Who is Busy?
This week has been busy. The company I work for has a 3/31 year end and seeing how I am a Finance guy there is a lot of stuff happening and trying to get done before that date. The nice thing is that my company has every other Friday off and this is one of them. I decided to take this morning to step away from work stuff and slow down.
While I was having my coffee this morning and reading news I ran across an article from earlier this week by Hanna Rosin titled “Your not as busy as you say you are.”
“The answer to feeling oppressively busy, is to stop telling yourself that you’re oppressively busy, because the truth is that we are all much less busy than we think we are.” - John Robinson
The article referenced a previous article that I had red by Tim Kreider titled “The Busy Trap” which I stumbled on a while back after reading an article that Brad Feld wrote called “Have You Fallen Into The Busy Trap?” Check all of them out if you have time as each are very interesting but in the end the message is the same that everyone seems to be creating their own sense of busyness.

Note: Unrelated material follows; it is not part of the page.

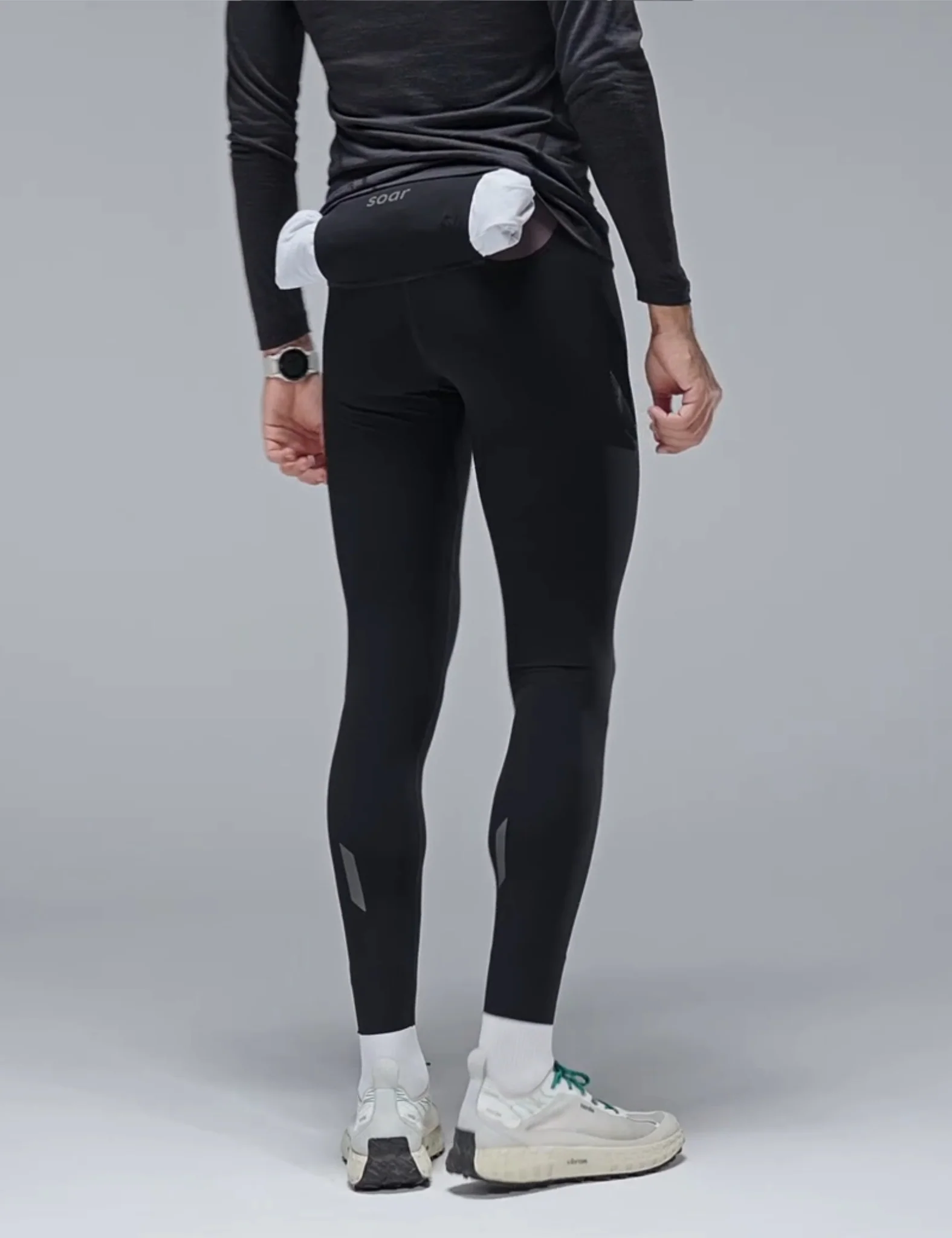 Soar Running Cargo Tights - Black - Image 2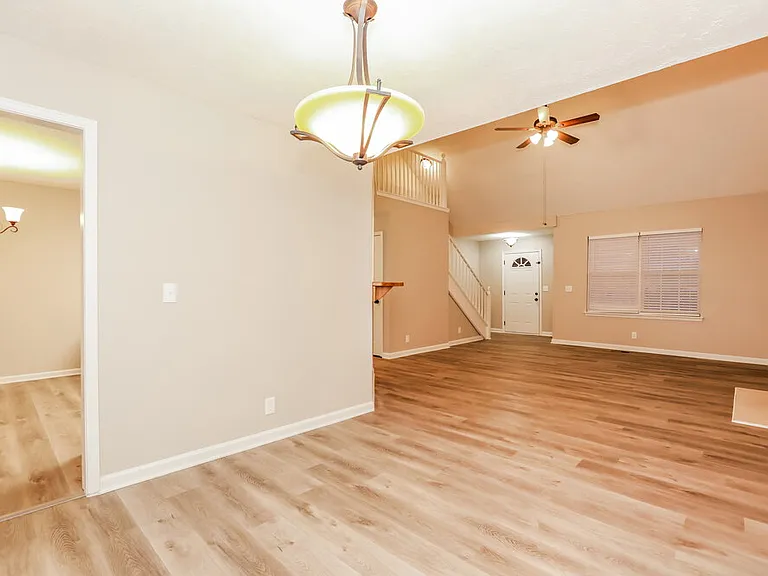 4505 Hunters Green Cir — Photo 5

With two kids (ages 2 and almost 5), both my wife and I working full-time, we are busy. However, it is true that some things we bring on ourselves and they really shouldn’t be considered the busy part of your life. Work is busy because it is work and I don’t want to focus on that too much but you are probably working at the job you are for a variety of reasons. Outside of work the things you do (e.g., volunteering, social gatherings, kids activities) you shouldn’t have the mindset that all of that is making your life too busy. In fact what you choose to do on the weekends and at nights are optional.
For my wife and I, we understand it is good to have kids involved in things but we don’t want extra activities taking up our kids lives or ours. So we have allowed them to each sign up for one activity which could either be at nights or on the weekends. We feel this is important as we don’t want them to be so involved in outside activities that they miss just being a child. The same thing is true for being an adult, you don’t want to miss out on spending quality time with your family, friends, significant other or maybe having a couple of hours to yourself. You need to make sure you are not so busy with scheduled events and activities that you can’t just slow down and enjoy the present.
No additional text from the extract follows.